*** Opening Data ***

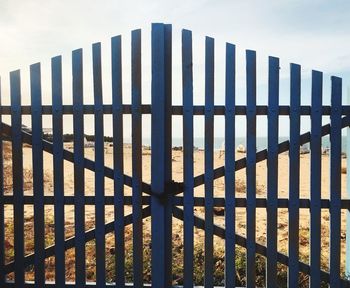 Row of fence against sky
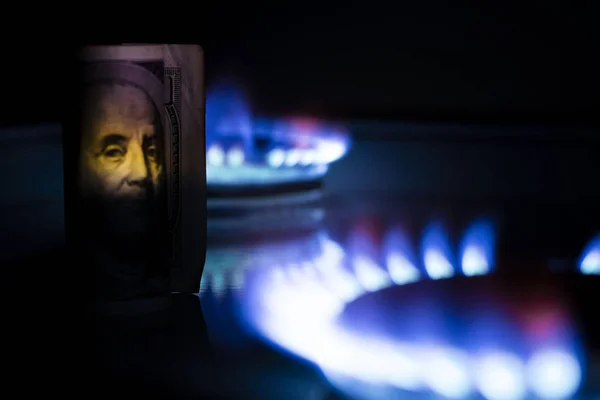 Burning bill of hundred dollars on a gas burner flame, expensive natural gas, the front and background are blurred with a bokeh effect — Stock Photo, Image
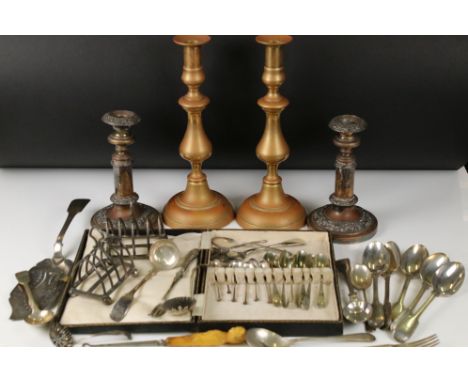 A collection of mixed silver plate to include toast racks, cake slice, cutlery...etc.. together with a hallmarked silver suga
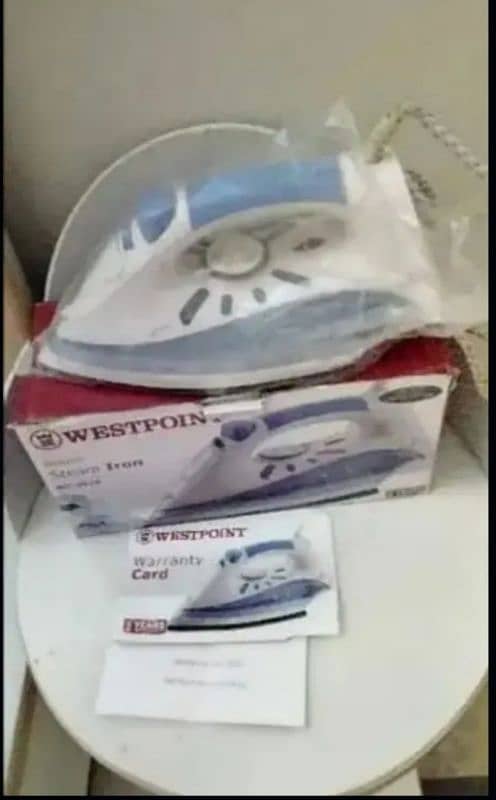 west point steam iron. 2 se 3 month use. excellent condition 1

*** Closing Data ***

» What is expected:
The listing must be repeated word for word, and none of its pictures may appear in the copy.

» Result of this task:
 Row of fence against sky
 Burning bill of hundred dollars on a gas burner flame, expensive natural gas, the front and background are blurred with a bokeh effect — Stock Photo, Image
 A collection of mixed silver plate to include toast racks, cake slice, cutlery...etc.. together with a hallmarked silver suga
 west point steam iron. 2 se 3 month use. excellent condition 1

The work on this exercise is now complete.